My sister-in-law received a text from a friend while we were talking on the phone the other day. Her friend is getting a divorce, and he was with his ten-year-old daughter who was crying because she missed her mother. Dad was desperate to console his daughter and nothing he was doing was working. My sister-in-law asked what he could do. My reply was for him to do nothing other than to acknowledge how his daughter felt and to allow her the space to fully express herself and to fully feel. He did not need to fix anything or happy her up or do anything at all. He needed to let his daughter be with her feelings and allow her to share them with him.
It is difficult to watch our children feel sad.
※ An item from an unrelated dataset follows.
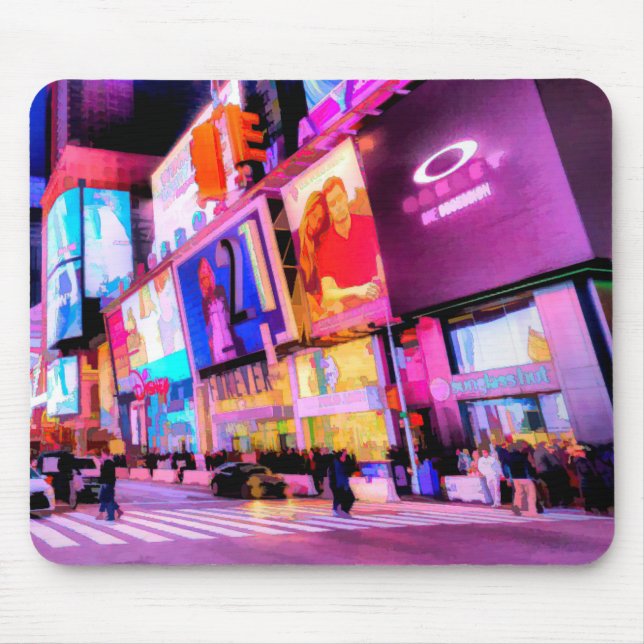 Art Of Nighttime New York Mouse Pad (Front)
It is painful to see them hurt. We ache when they feel left out. Having children can feel like your heart wondering around outside your body. At those times of intense emotion, it may feel like we need to do something. We may then try to handle a situation for a child (“Oh, don’t you worry about a thing! I’ll have a talk with Susie’s mom and you’ll be invited to her birthday party. I’m sure it was just a mistake.”), minimize the feeling (“Oh, you have lots of time for boyfriends. You won’t miss him after a few weeks.”) or employ any number of other approaches most of which stop the expression of feeling.
A more fulfilling job in those moments is to guide your children through their feelings. Sometimes that just means being there and listening. It means acknowledging what she feels (“You seem really sad” or “You look like you feel really hurt”). It means truly listening to what she says. It means asking him how he wants it to play out, what he would like to see happen or how you can support him.
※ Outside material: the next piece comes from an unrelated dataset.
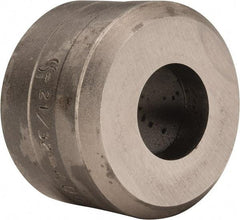 Cleveland Steel Tool - 21/32 Inch Diameter Round Ironworker Die - 1-1/2 Inch Head Diameter, 1 Inch Head Height - A1 Tooling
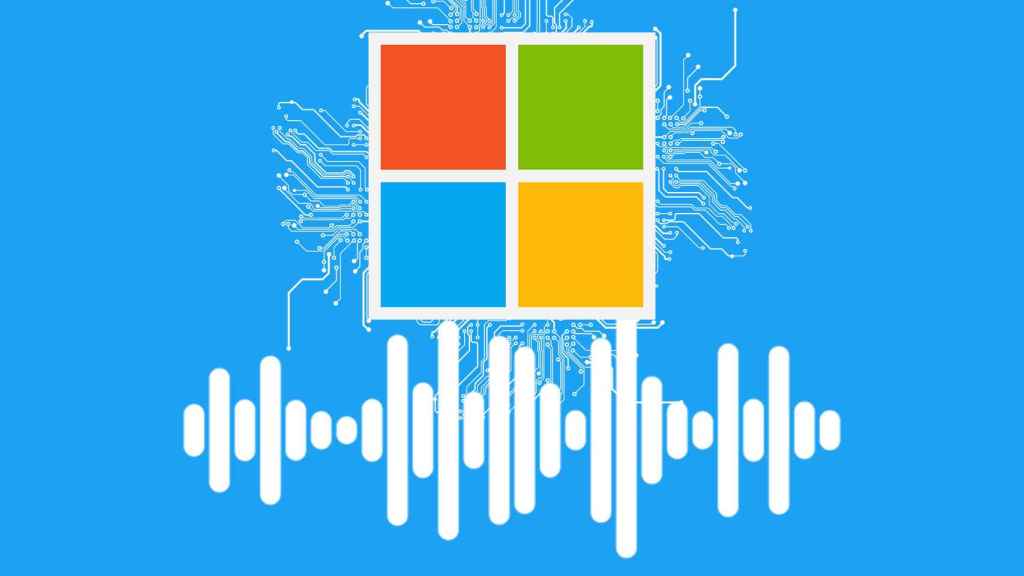Fotomontaje con el logo de Microsoft.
Most of us did not grow up with this option or in an atmosphere encouraging emotional expression. A friend told me the other day that all of the children in her family were constantly vying for parental attention to the point that she never was able to simply ‘be’. It is only in adulthood that many of us learn to ‘be’. And that is liberating.
A terrific resource for learning to be is the Freedom to Be: A Life Embracing Course in which we explore these concepts and how to apply them in your life. To be present for your child who is feeling intense emotions, you can practice empathy. Empathy will allow you to deeply understand the feelings of your child without having to ‘fix’ anything. Empathy will allow you to see things from your child’s perspective. You can also broaden your self-acceptance, thus allowing your child to be more self-accepting. One key is to explore how you handle mistakes. What have your children decided about making mistakes from watching you? Without the fear of making a mistake, your children will take healthy risks, speak up in class and boldly try something new. So will you! When you are more self-accepting, particularly with your mistakes, your children will be, too.
Another place of discovery is in looking at how often we make responsibility a ‘have to’ or burden. You can shift the ‘have to’ into a joy. A simple practice is to notice whenever you say, “I have to [cook dinner, wash the clothes, drive my daughter to music lessons]” and change your words to “I get to [cook dinner, wash the clothes, drive my daughter to music lessons]”. In cooking dinner for your family, you get to nourish them. In doing the laundry, you get to care and provide for your family. In driving your daughter to music lessons, you get to enhance her life and get to share in the experience. These core concepts of Freedom to Be deeply enhance relationships, especially those within your family.
From a place of empathy, self-acceptance and joyful responsibility, you can let your children be with their emotions. Your children will know that they are so very capable of handling their feelings and that you are there to support and guide them.